There’s a little bit of everything on this album. There’s truth for everyday life, history, social issues, rebellion, and things you’d expect from a hip-hop album, like drugs and women.
Going through the tracks, there’s so much to love about this album.
There’s the lyrical gymnastics on the intro track “Capone’s Demise”, the boom-bap sound and Gil Scott-Heron feature on “Loyalty v. Royalty”, which draws some Wu-tang inspiration alongside “World Changed”. There’s the Hov-esque “Heroic Villains”, one of the standout songs on the album, and there’s Nav who snaps on his feature on “Just Like Me”.
When it comes to production, wordplay and flow, we don’t get that many “stink face” inducing albums in 2023. It’s been a while, but Mumble Rap 2 is one of those.

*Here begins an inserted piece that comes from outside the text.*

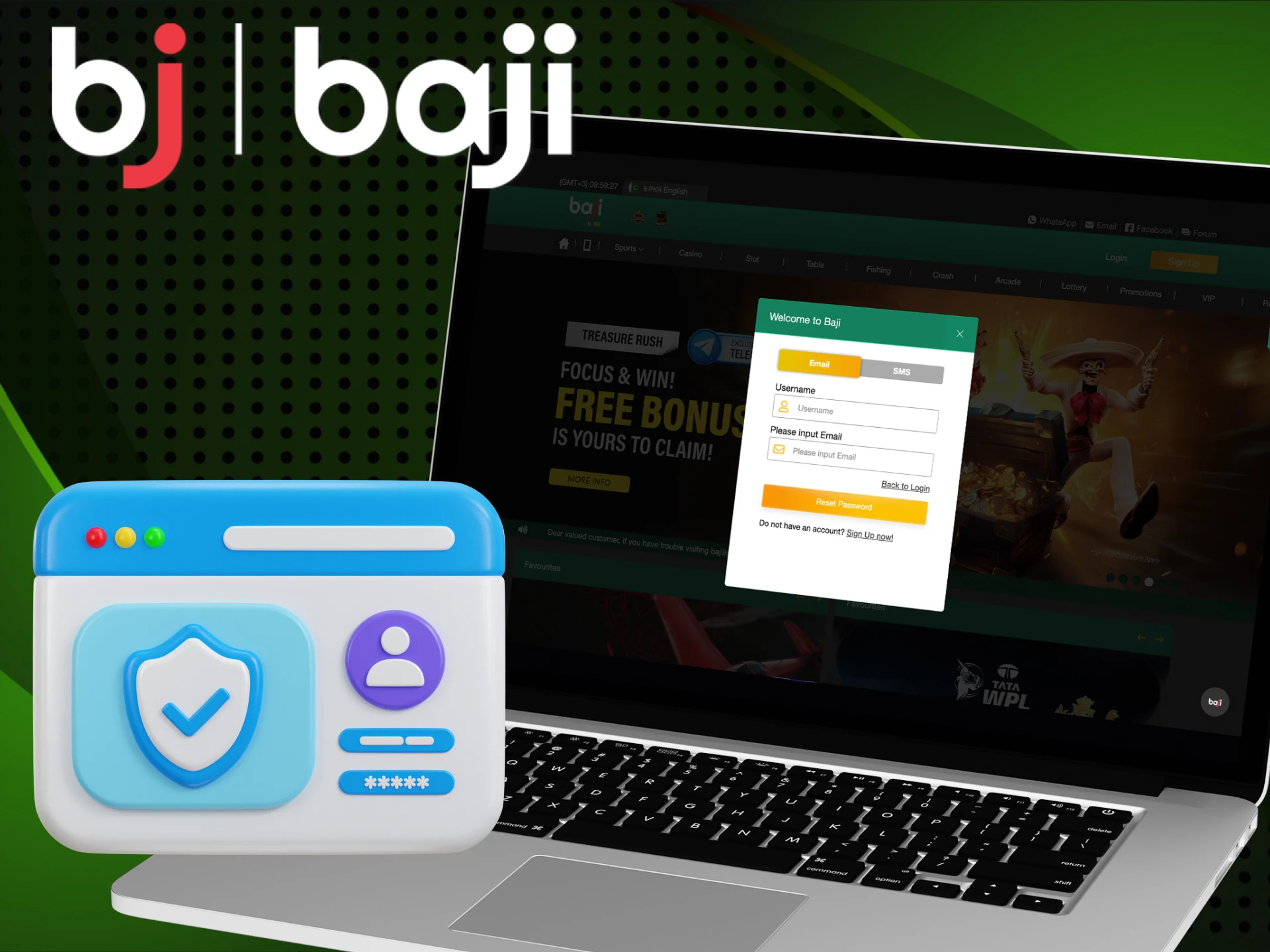 You can recover your password from your account in the online casino Baji Bet if you forgot it.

Although, reviews aren’t traditionally supposed to be personal, I’ll say that this album almost brought a tear to my eye. Although I’ve become a fan of modern hip-hop, which oftentimes prioritizes vibes over lyrics, this album gave me a feeling I haven’t felt in a long time. It reminded me of why I fell in love with hip-hop. It brought hip-hop back to the underground for a moment when hearing an album for the first time felt like you were a part of a secret and exclusive club that most people didn’t know about. It reminded me of when hip-hop felt like ours and not something that belonged to the world or the industry.
Overall, XO artists are known for not just dropping great singles, but delivering good to great albums, and Mumble Rap 2 is the latest to join the club.